A deterministic model based on evidence for the associations between kinematic variables and sprint kayak performance
Why this work is in the frame
A frame that forgets how it found something cannot be audited. These are the routes that admitted this work.
Bibliographic record
Abstract
The aim of this narrative review was to propose a deterministic model based on a review of previous research documenting the evidence for the associations between average kayak velocity and kinematic variables in sprint kayaking. Literature was reviewed after searching electronic databases using key words 'kayak,' 'biomechanics,' 'velocity,' 'kinematics,' and 'performance.' Our kinematic deterministic model for sprint kayaking performance shows that the average kayak velocity is determined by kayak stroke displacement and stroke time. Stroke time had the strongest correlation with 200-m race time (r = 0.86, p < 0.001), and stroke rate (inversely proportional to stroke time) was strongly correlated with average horizontal velocity over two consecutive strokes at race pace (r = -0.83, p < 0.05).
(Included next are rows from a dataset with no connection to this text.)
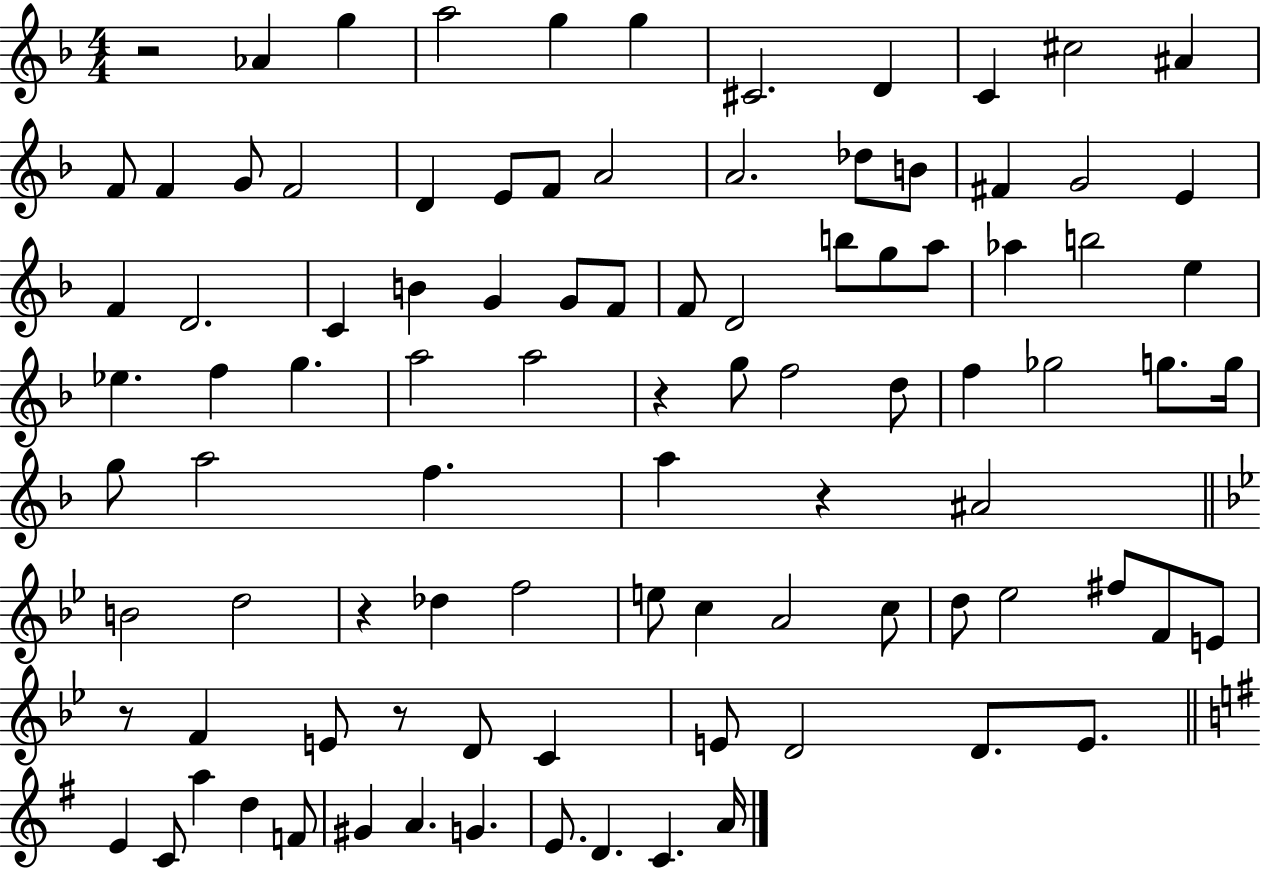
X:1
T:Untitled
M:4/4
L:1/4
K:F
z2 _A g a2 g g ^C2 D C ^c2 ^A F/2 F G/2 F2 D E/2 F/2 A2 A2 _d/2 B/2 ^F G2 E F D2 C B G G/2 F/2 F/2 D2 b/2 g/2 a/2 _a b2 e _e f g a2 a2 z g/2 f2 d/2 f _g2 g/2 g/4 g/2 a2 f a z ^A2 B2 d2 z _d f2 e/2 c A2 c/2 d/2 _e2 ^f/2 F/2 E/2 z/2 F E/2 z/2 D/2 C E/2 D2 D/2 E/2 E C/2 a d F/2 ^G A G E/2 D C A/4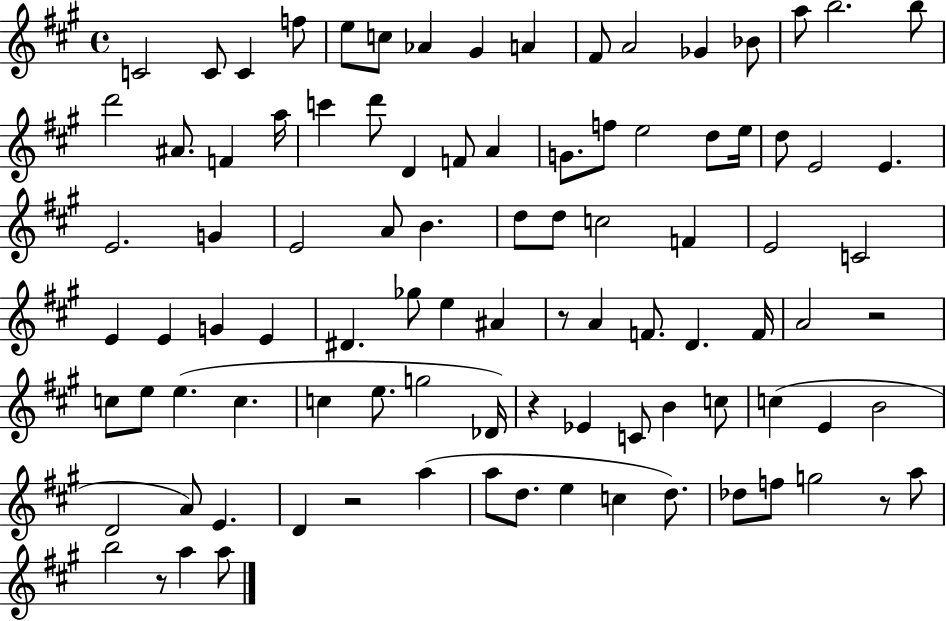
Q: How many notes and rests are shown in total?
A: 95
Increased stroke rate via decreased absolute water phase time and increased relative water phase time were indicative of more elite performance. There was no significant relationship between stroke displacement and velocity; however, a large decrease in stroke displacement may be detrimental to performance. Individual characteristics may be responsible for a paddlers' ability to achieve and sustain a given stroke rate. Coaches should theoretically focus interventions on increasing stroke rate while maintaining stroke displacement; however this hypothesis should be confirmed with prospective studies.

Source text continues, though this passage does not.